MCIs are complex by nature, with significant variability due to the type of incident, number of victims, availability of resources, timing, weather conditions, or even the triage system used [3]. In consequence, developing a curriculum to teach emergency personnel how to manage victims appropriately in this environment is inherently challenging [4] because of the difficulty of recreating these scenarios. Up to recently, training has been carried out using tabletop exercises and large-scale simulation drills where a large number of human resources and equipment are needed. This makes it hazardous and expensive to repeat frequently, when actually, previous research indicates that higher training frequency and better training quality are associated with improved disaster preparedness [5]. Thus, it is understandable that many healthcare professionals, including medical first responders (MFRs), feel that their preparedness for disaster response is inadequate.

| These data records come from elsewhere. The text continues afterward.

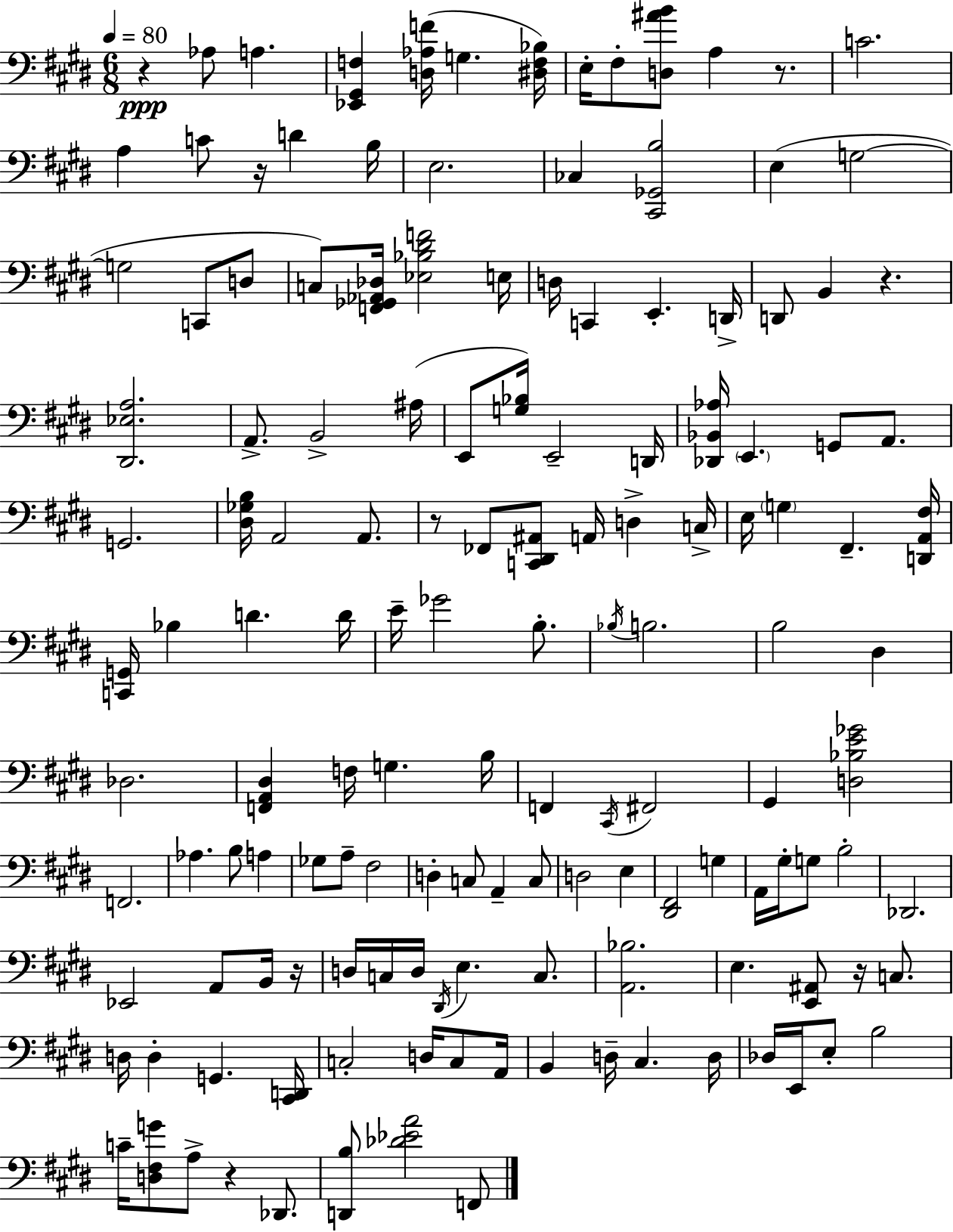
R/q Ab3/e A3/q. [Eb2,G#2,F3]/q [D3,Ab3,F4]/s G3/q. [D#3,F3,Bb3]/s E3/s F#3/e [D3,A#4,B4]/e A3/q R/e. C4/h. A3/q C4/e R/s D4/q B3/s E3/h. CES3/q [C#2,Gb2,B3]/h E3/q G3/h G3/h C2/e D3/e C3/e [F2,Gb2,Ab2,Db3]/s [Eb3,Bb3,D#4,F4]/h E3/s D3/s C2/q E2/q. D2/s D2/e B2/q R/q. [D#2,Eb3,A3]/h. A2/e. B2/h A#3/s E2/e [G3,Bb3]/s E2/h D2/s [Db2,Bb2,Ab3]/s E2/q. G2/e A2/e. G2/h. [D#3,Gb3,B3]/s A2/h A2/e. R/e FES2/e [C2,D#2,A#2]/e A2/s D3/q C3/s E3/s G3/q F#2/q. [D2,A2,F#3]/s [C2,G2]/s Bb3/q D4/q. D4/s E4/s Gb4/h B3/e. Bb3/s B3/h. B3/h D#3/q Db3/h. [F2,A2,D#3]/q F3/s G3/q. B3/s F2/q C#2/s F#2/h G#2/q [D3,Bb3,E4,Gb4]/h F2/h. Ab3/q. B3/e A3/q Gb3/e A3/e F#3/h D3/q C3/e A2/q C3/e D3/h E3/q [D#2,F#2]/h G3/q A2/s G#3/s G3/e B3/h Db2/h. Eb2/h A2/e B2/s R/s D3/s C3/s D3/s D#2/s E3/q. C3/e. [A2,Bb3]/h. E3/q. [E2,A#2]/e R/s C3/e. D3/s D3/q G2/q. [C#2,D2]/s C3/h D3/s C3/e A2/s B2/q D3/s C#3/q. D3/s Db3/s E2/s E3/e B3/h C4/s [D3,F#3,G4]/e A3/e R/q Db2/e. [D2,B3]/e [Db4,Eb4,A4]/h F2/e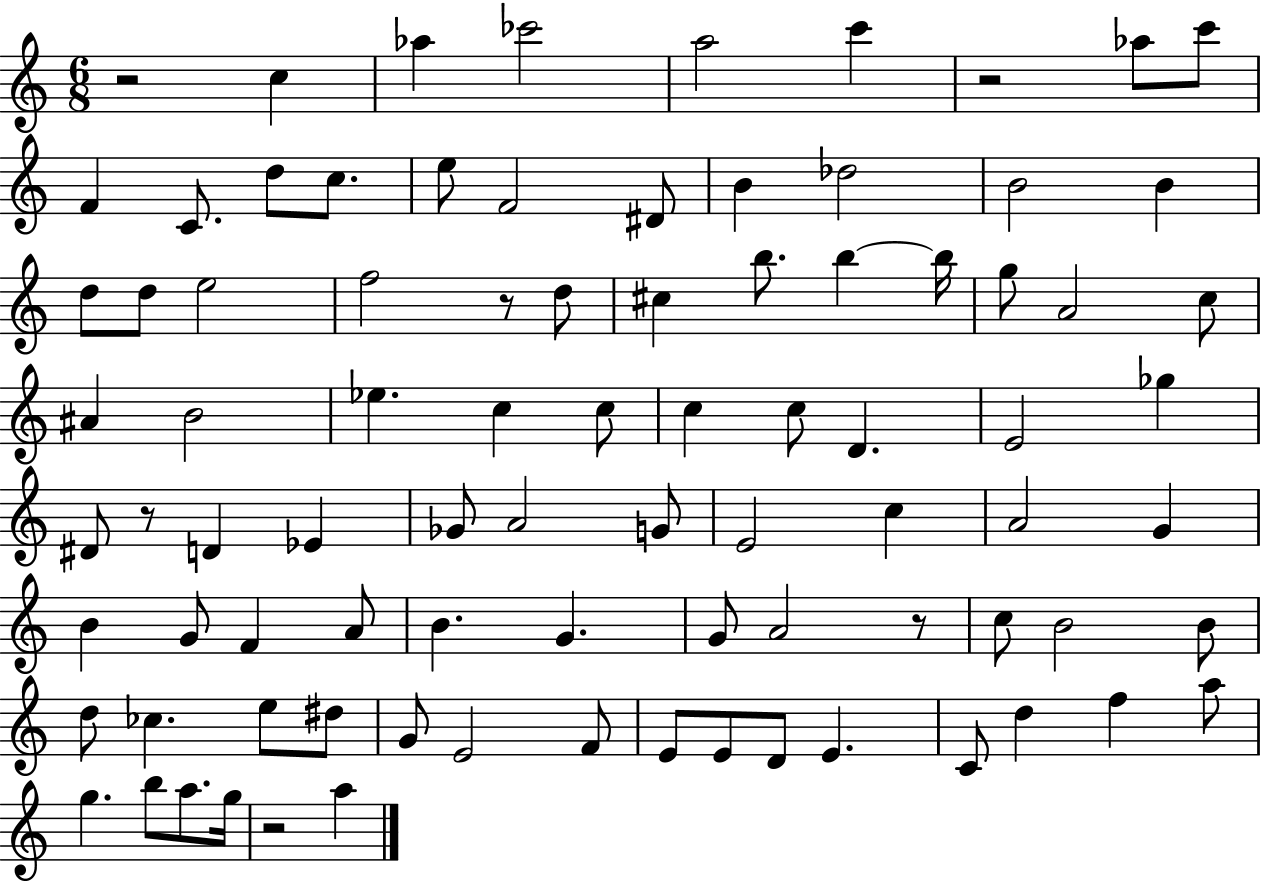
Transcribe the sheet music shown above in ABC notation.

X:1
T:Untitled
M:6/8
L:1/4
K:C
z2 c _a _c'2 a2 c' z2 _a/2 c'/2 F C/2 d/2 c/2 e/2 F2 ^D/2 B _d2 B2 B d/2 d/2 e2 f2 z/2 d/2 ^c b/2 b b/4 g/2 A2 c/2 ^A B2 _e c c/2 c c/2 D E2 _g ^D/2 z/2 D _E _G/2 A2 G/2 E2 c A2 G B G/2 F A/2 B G G/2 A2 z/2 c/2 B2 B/2 d/2 _c e/2 ^d/2 G/2 E2 F/2 E/2 E/2 D/2 E C/2 d f a/2 g b/2 a/2 g/4 z2 a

As more advanced pedagogical technologies are developed, teaching in MCIs and disasters is being upgraded. In recent years, there has been an increasing trend in the use of extended reality (XR) systems to support emergency and disaster risk management, with special emphasis on training [6]. XR encompasses virtual, augmented and mixed reality (VR, AR, and MR, respectively), and it has grown in popularity as it offers multiple advantages, such as the possibility to train safely without direct risk to participants and the opportunity for repetitive practice to acquire a certain level of competence and to improve retention [7,8,9]. Furthermore, some systems integrate realistic scenarios and immersive environments that allow trainees to increase the speed of gaining knowledge, and to develop high-quality skills [10, 11].
Enhancing the training MFRs receive is fundamental to strengthening the preparedness and response to MCIs and disasters. Other reviews have identified relevant articles highlighting what could be a promising and novel tool for disaster medicine, although the effectiveness of the training was not assessed [7, 10]. In addition, our project partners [12] evaluated the effectiveness of different disaster training programmes, including traditional techniques. Our study, however, focused on the use of emerging technologies (i.e., extended reality) as training methods, and we also aimed to explore the perception and experience of participants to these new forms of training, not limited to assessing their technical skills.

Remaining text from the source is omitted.